Saved entries:
-*-*-
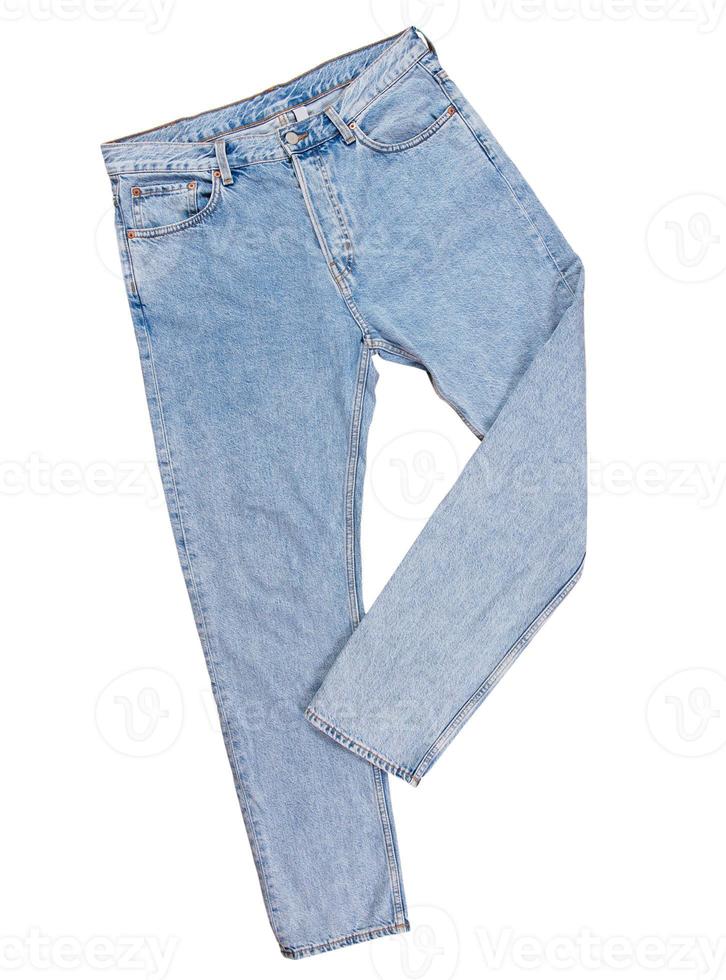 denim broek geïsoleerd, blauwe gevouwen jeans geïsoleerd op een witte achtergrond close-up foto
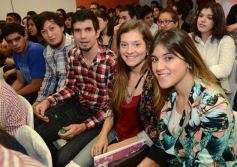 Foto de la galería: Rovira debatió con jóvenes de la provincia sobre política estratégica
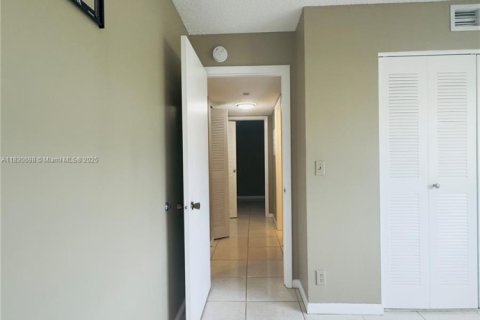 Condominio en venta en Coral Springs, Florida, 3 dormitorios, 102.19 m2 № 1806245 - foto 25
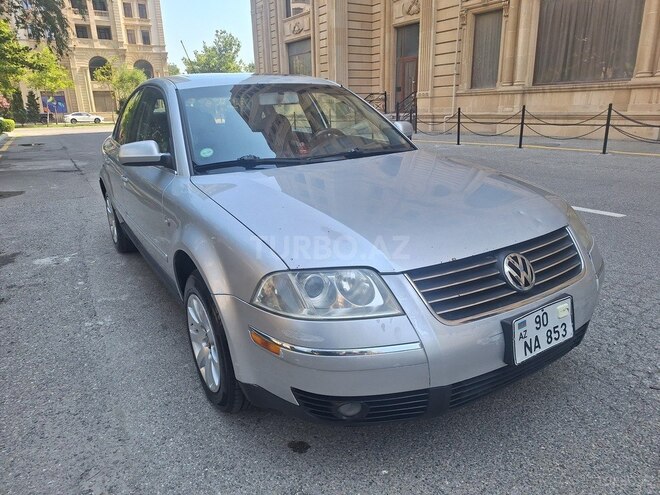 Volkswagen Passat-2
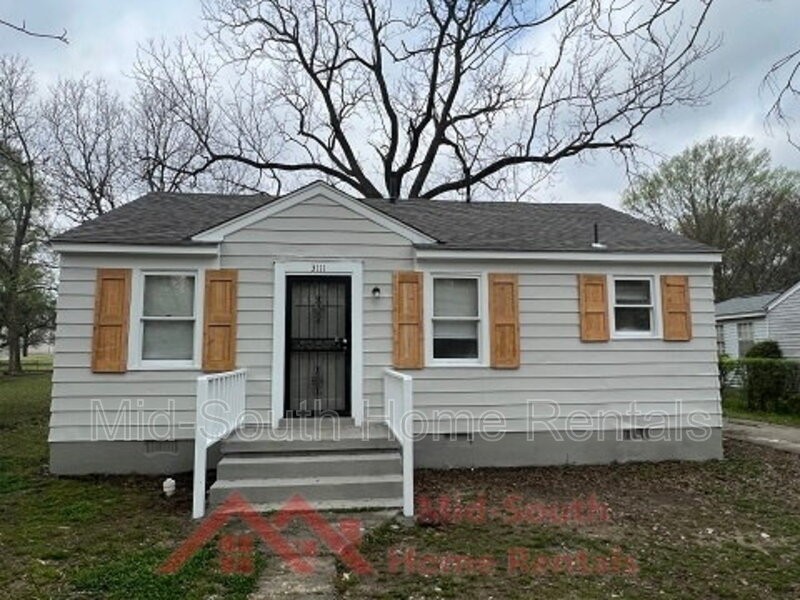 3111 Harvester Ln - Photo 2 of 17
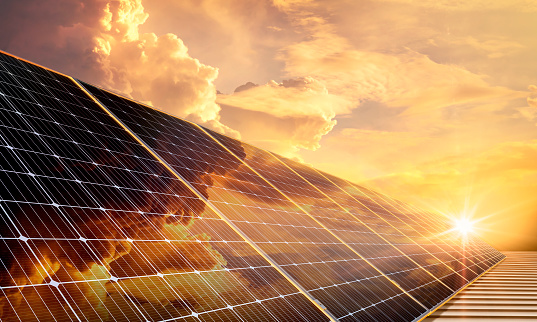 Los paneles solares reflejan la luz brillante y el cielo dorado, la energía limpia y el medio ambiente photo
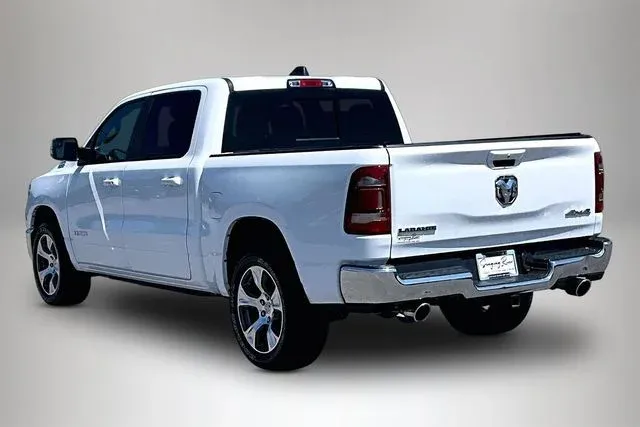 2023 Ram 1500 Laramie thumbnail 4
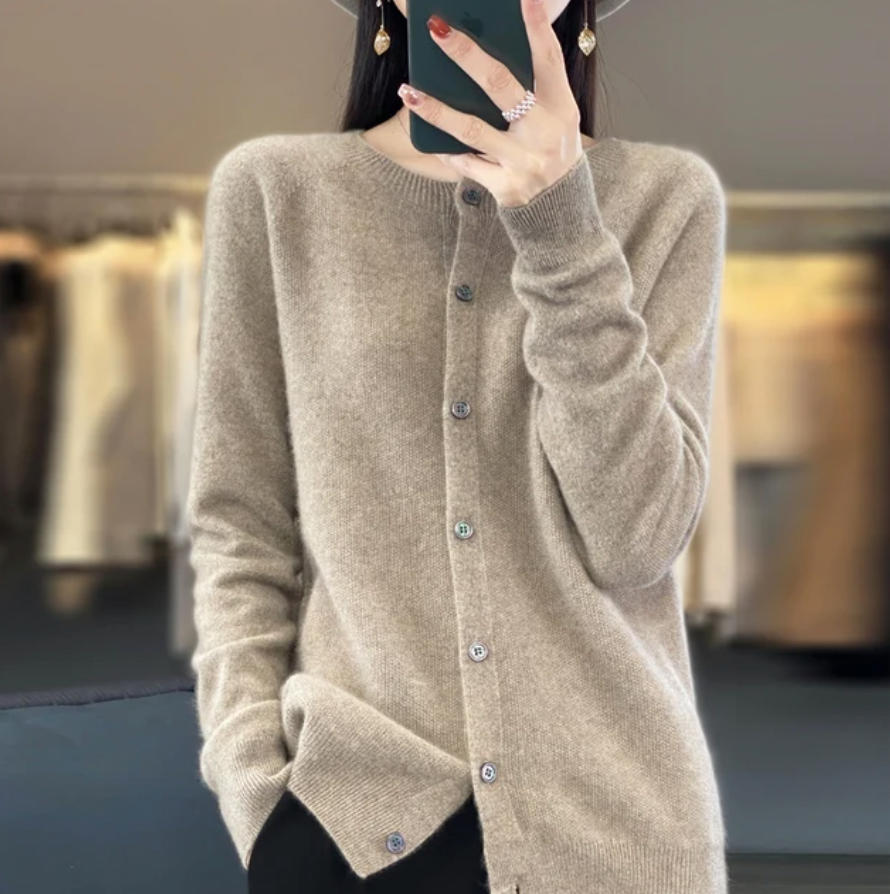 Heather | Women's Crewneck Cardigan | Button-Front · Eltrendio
-*-*-
**WORK ITEM**
A verbatim copy of the records is needed, with all images omitted.

**SOLUTION FOR THIS PROBLEM**
 denim broek geïsoleerd, blauwe gevouwen jeans geïsoleerd op een witte achtergrond close-up foto
 Foto de la galería: Rovira debatió con jóvenes de la provincia sobre política estratégica
 Condominio en venta en Coral Springs, Florida, 3 dormitorios, 102.19 m2 № 1806245 - foto 25
 Volkswagen Passat-2
 3111 Harvester Ln - Photo 2 of 17
 Los paneles solares reflejan la luz brillante y el cielo dorado, la energía limpia y el medio ambiente photo
 2023 Ram 1500 Laramie thumbnail 4
 Heather | Women's Crewneck Cardigan | Button-Front · Eltrendio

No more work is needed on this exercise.